This class provides full and easy control over the entire signalflow, from the preprocessing components to model validation (eg. ComponentService
is being used under the hood). It assumes a heuristic approach where the dataset is split into 3 partitions: The train, test and validationsets. This to ensure the quality of the models afterwards.
The trainset will be assigned the folds by the Scikit-Learn cross-validation object and should generally be the largest dataset.

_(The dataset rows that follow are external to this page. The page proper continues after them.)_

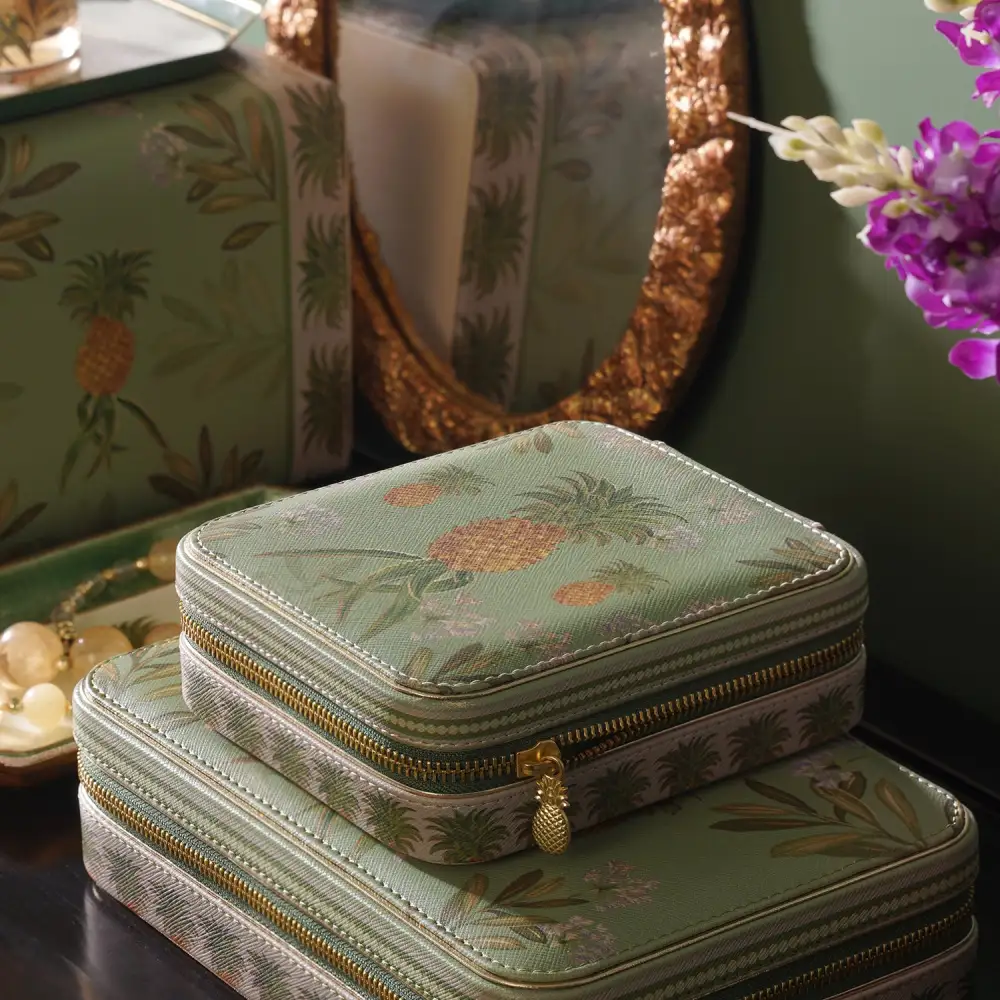Green Square Jewelry Travel Case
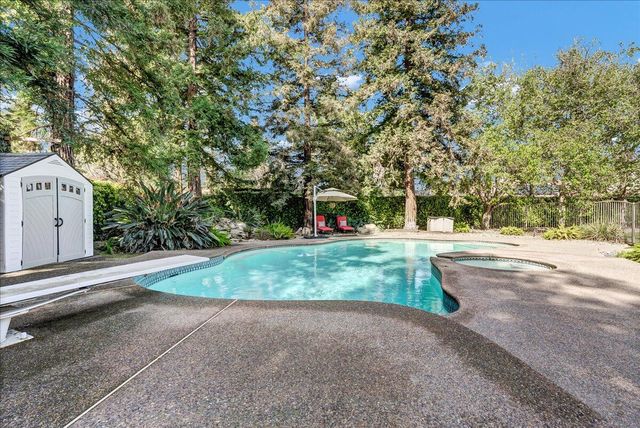 2511 E Harter Court, Visalia, CA 93292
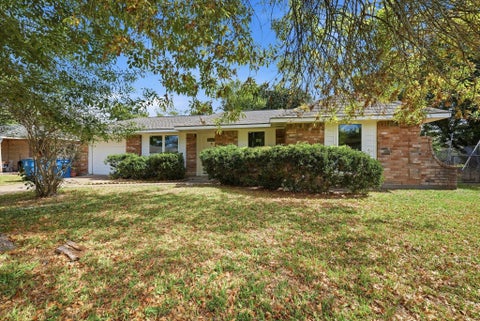 Photo of 12302 Swinbrook Lane, Houston, TX 77039 (MLS # 4990802)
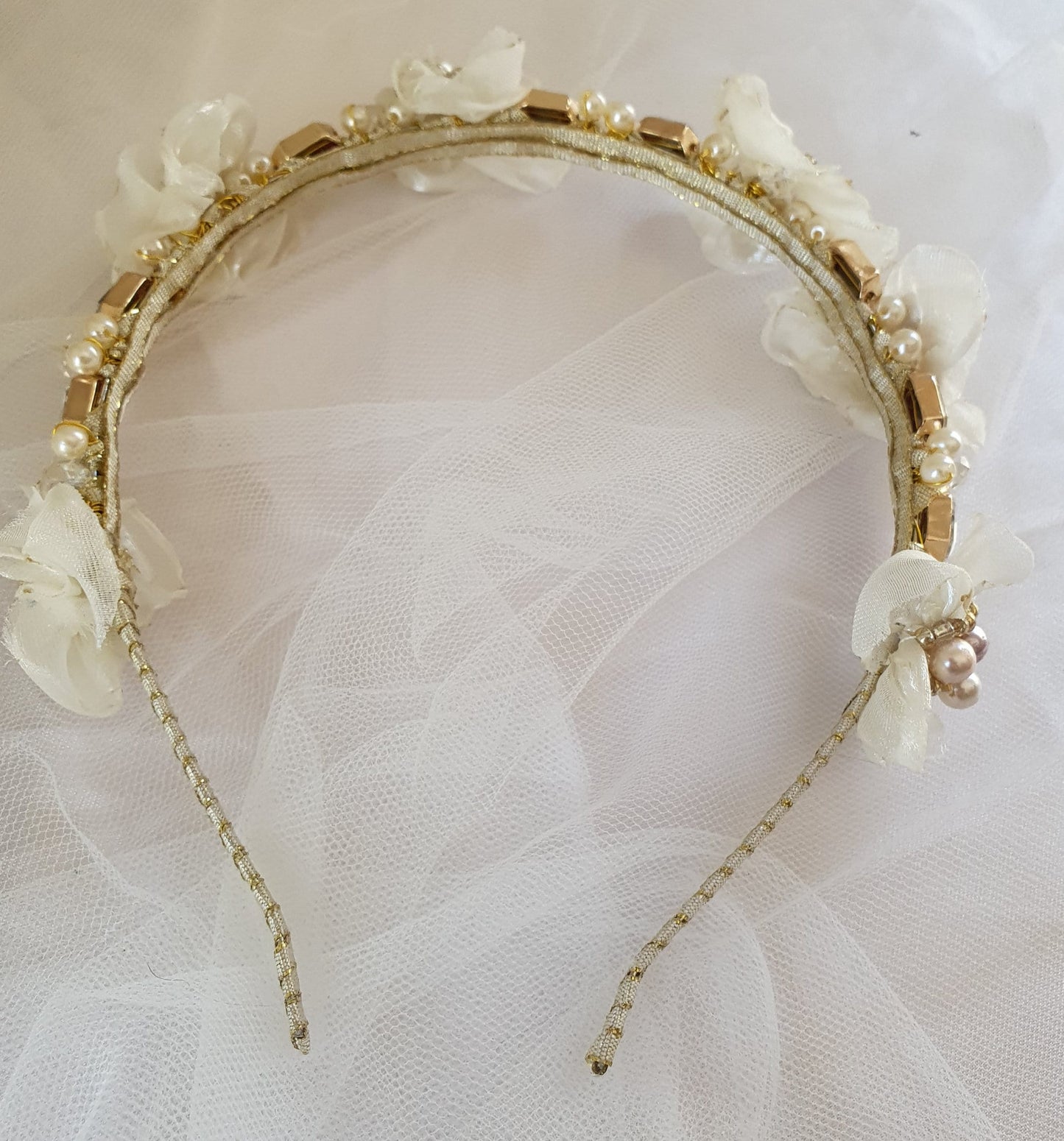 Diadema hecha a mano de color marfil con tela de organza de perlas - Hermosa diadema, diadema festiva única, boda, ocasión especial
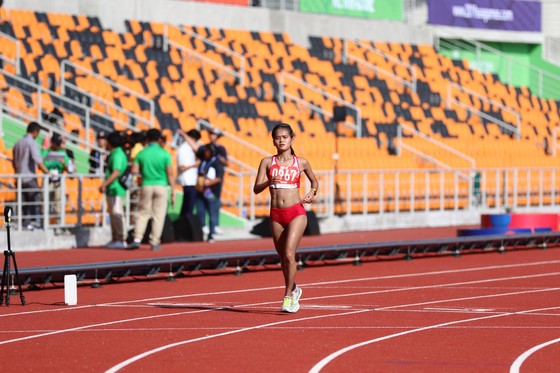 “Thợ săn” Hồng Lệ và nỗi ấm ức trên đường chạy marathon ảnh 1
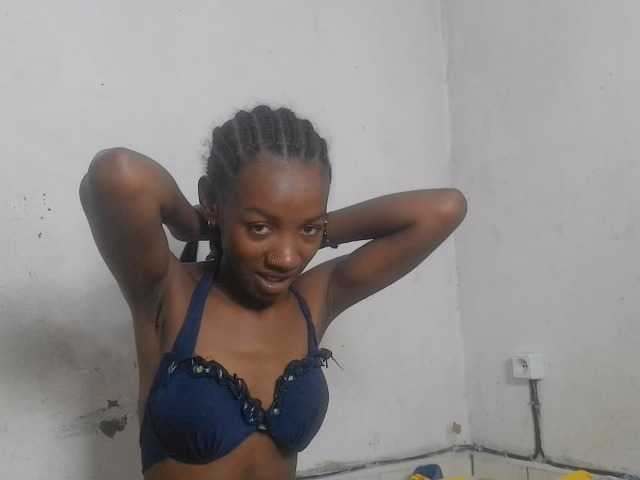 Claudiaah live cam on BongaCams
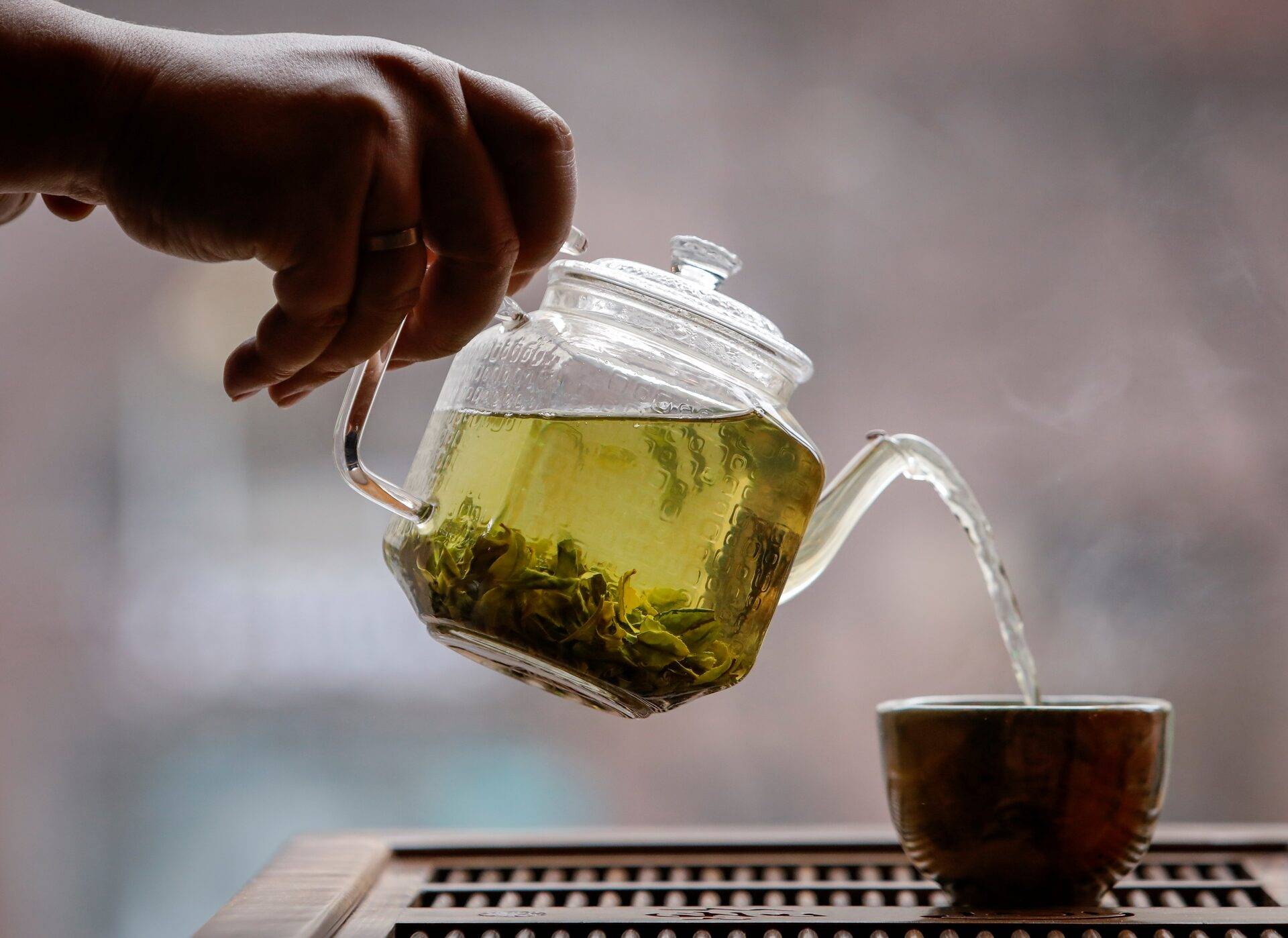 كوب شاي أخضر (رويترز)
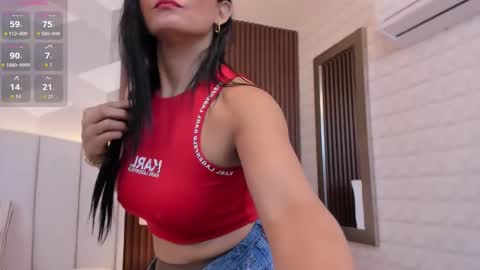 Snapshot of mommy_naughty_ chatting on October 1, 2025, 11:27 am Letty Smith online show from October 1, 2025, 11:27 am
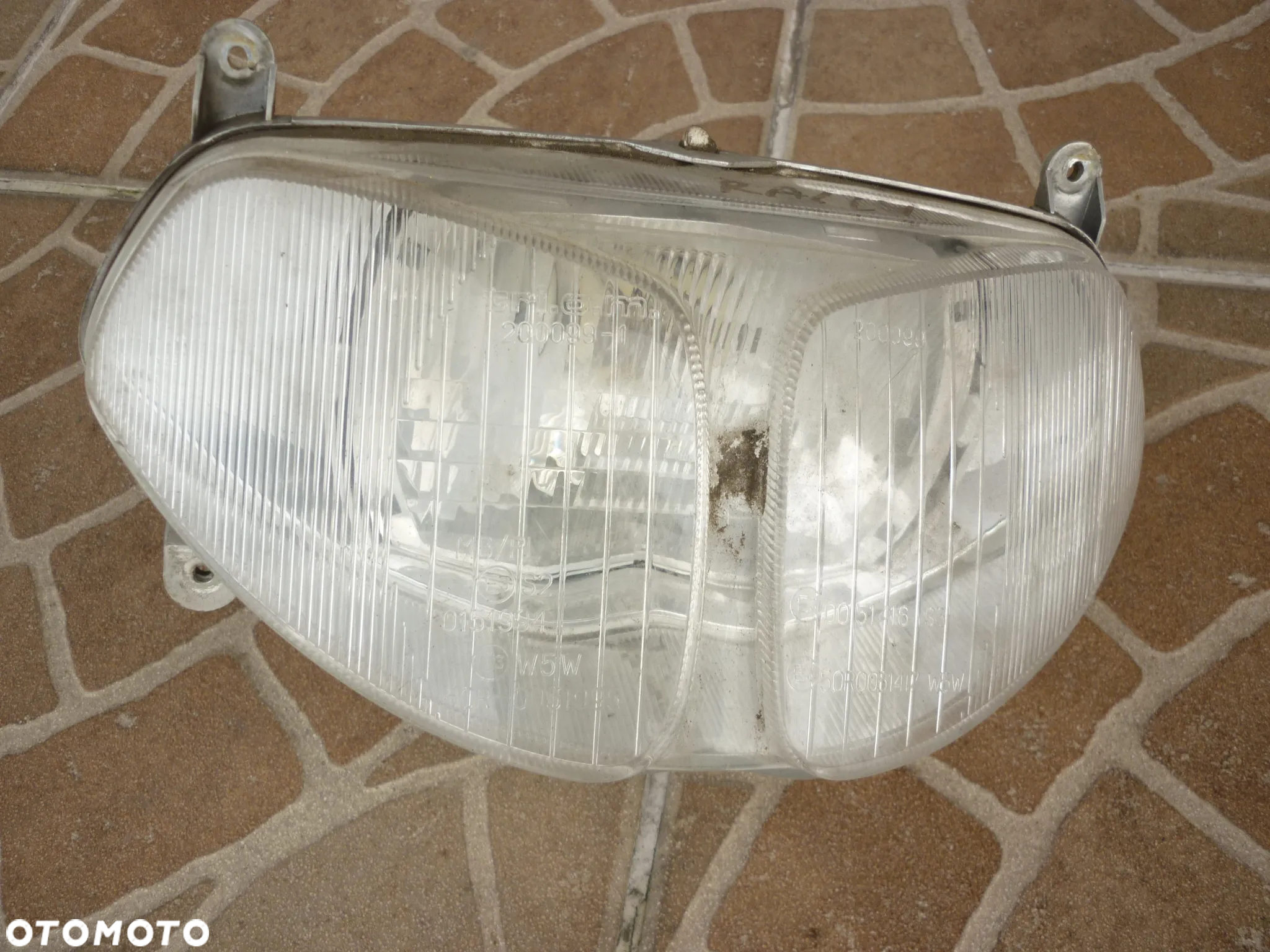 Błotnik lampa owiewka osłona licznik Aprilia SR 50, Rally - 35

The second dataset, in this context called the testset, will be used to evaluate the models from the earlier training process. During this process, 3 generations of models will be created. You can change this by setting the generations
parameter in the PipelineOrchestrator.build()
method.
The three generations are:
Generation 1: Base: These are the top-performing base models discovered through the hyperparameter tuning process in the HyperTuner component. Each instantiated HyperTuner object serves as a "tuner" and also represents a single cross-validation fold. The number of models per tuner is determined by the top_n_per_tuner parameter in the PipelineOrchestrator.build() method.
Generation 2: Stacked: These meta-models are formed by combining the base models from generation 1 using various ensemble methods, such as voting, stacking, and averaging.
Generation 3: Evolved: This is a single meta-model created by ensembling the models from generation 2.
After utilizing the PipelineOrchestrator.build()
method, models in the created pipelines can be validated by the PipelineOrchestrator.fortify()
method. Here, stresstests will be executed on the models in all pipeline generations. Models which do not pass the stresstests, will be removed from their pipeline. For this process, the validationset will be used.
Hierarchy diagram
This diagram provides a visual overview of how different components and services interact within the Orpheus framework:
Flowchart
Here is a concrete example what parts of the complete training process are automated by Orpheus:
Basic usage of the PipelineOrchestrator class:
import os
import pandas as pd
from sklearn.model_selection import ShuffleSplit, train_test_split
from sklearn.datasets import make_regression
from sklearn.metrics import r2_score
from orpheus import PipelineOrchestrator
config_path = "./configurations.yaml"
# create a cross-validation object. Replace with your own cv object
cv_obj = ShuffleSplit(n_splits=4)
# create a synthetic dataset. Replace with your own data
X, y = make_regression(
n_samples=1000,
n_features=5,
random_state=42,
)
X = pd.DataFrame(X)
X.columns = [f"feature_{N}" for N in range(1, X.shape[1] + 1)]
y = pd.Series(y)
# split into train and test
X_train, X_test, y_train, y_test = train_test_split(
X, y, test_size=0.2, random_state=42, shuffle=True
)
if __name__ == "__main__":
orchestrator = PipelineOrchestrator(
X_train,
y_train,
metric=r2_score,
config_path=config_path,
cv_obj=cv_obj,
verbose=3,
n_jobs=max(1, int(os.cpu_count() / 2)),
shuffle=True,
ensemble_size=0.1,
validation_size=0.1,
)
(
orchestrator
.pre_optimize(max_splits=4)
.build(
scale=False,
add_features=False,
remove_features=False,
)
.fortify(
optimize_n_jobs=True,
threshold_score=0.90,
plot_explaining=True,
)
)
# make predictions
pred_base = orchestrator.pipelines["base"].predict(X_test)
pred_stacked = orchestrator.pipelines["stacked"].predict(X_test)
pred_evolved = orchestrator.pipelines["evolved"].predict(X_test)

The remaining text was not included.